A dangerous section of state highway that has claimed pedestrians' lives will finally be made safe for the many people who walk along it.
Puketona Rd, part of State Highway 11, is often used by people walking between Haruru Falls and Paihia, in particular by tourists staying at Haruru Falls or those who have walked the track from the Waitangi Treaty Grounds to the waterfall.
However, the road is windy, lacks a shoulder in many places, and is subject to a 100km/h speed limit.
Pedestrian deaths include that of 53-year-old Michael Budd, who was killed walking home to Haruru Falls at night in August 2013. The motorist was cleared of blame.
The Far North District Council has set aside $700,000 in this year's budget to build the footpath and hopes to start work later this year.
Work on a separate, 400-metre-long footpath from Old Wharf Rd to Yorke Rd in Haruru Falls is already under way and has been paid for by the New Zealand Transport Agency.
The council's walkway will start at Yorke Rd and end at the Caltex service station in Waitangi, a distance of about 3km, where it will join up with Paihia's urban footpaths.
A completion date has not been set, in part because two slips have complicated the project and pushed up the likely cost.

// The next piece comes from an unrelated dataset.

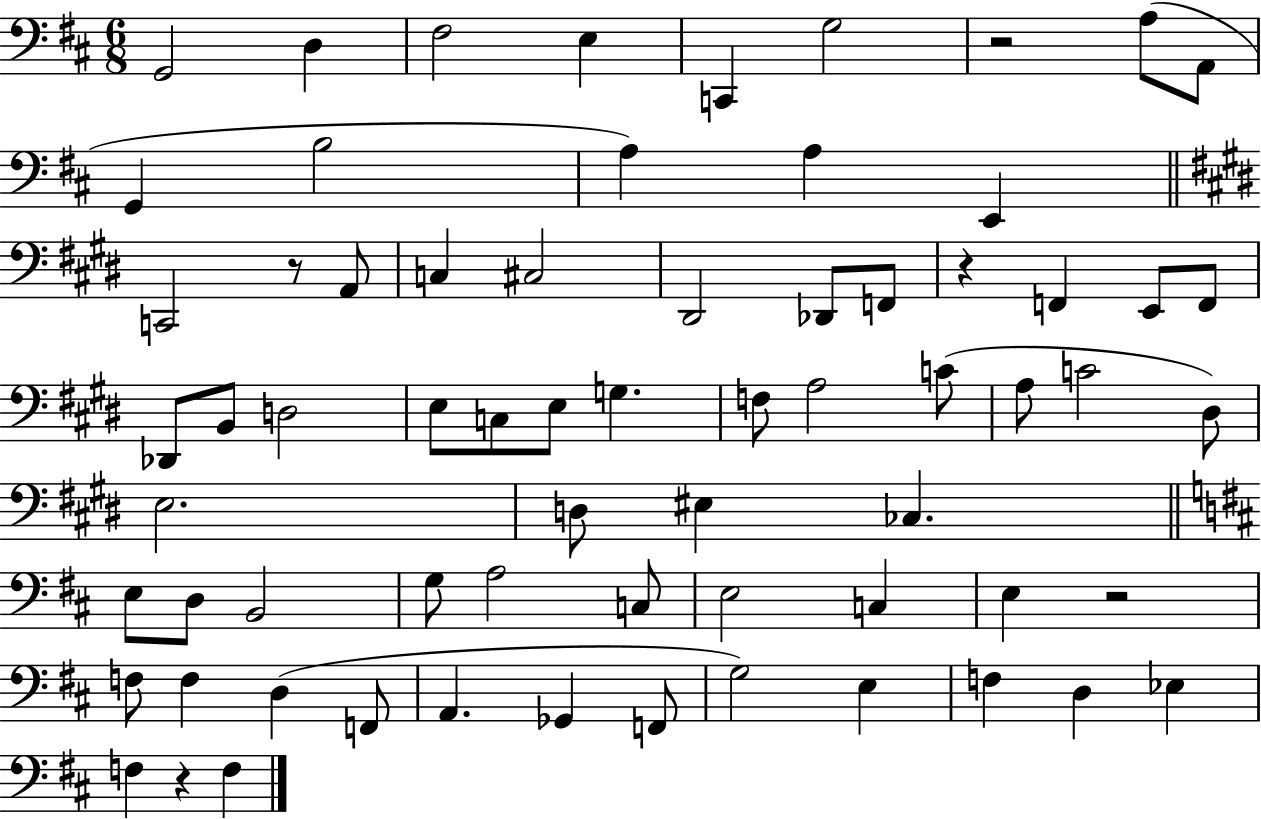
G2/h D3/q F#3/h E3/q C2/q G3/h R/h A3/e A2/e G2/q B3/h A3/q A3/q E2/q C2/h R/e A2/e C3/q C#3/h D#2/h Db2/e F2/e R/q F2/q E2/e F2/e Db2/e B2/e D3/h E3/e C3/e E3/e G3/q. F3/e A3/h C4/e A3/e C4/h D#3/e E3/h. D3/e EIS3/q CES3/q. E3/e D3/e B2/h G3/e A3/h C3/e E3/h C3/q E3/q R/h F3/e F3/q D3/q F2/e A2/q. Gb2/q F2/e G3/h E3/q F3/q D3/q Eb3/q F3/q R/q F3/q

Jacqui Robson, the council's infrastructure and asset manager, said the walkway would follow the northern side of SH11 to Kaipatiki Rd, where it would cross to the southern side of the highway for the rest of the route.
A specialist geotechnical designer was currently working to establish the most cost-effective method of traversing two slips triggered by storms in 2007-08. The council would then seek tenders, she said.
It was hoped that a contract would be awarded later this year.
Ms Robson said this year's budget allocation was $700,000 but, after an investigation of the slip sites, the final cost was expected to be more than $1 million. Additional funding was being sought in the Long Term Plan for the 2015-16 financial year.
The council has recently built a footpath along Waitangi's Te Kemara Ave. Far Northerners who want new footpaths should contact their local community board in the first instance.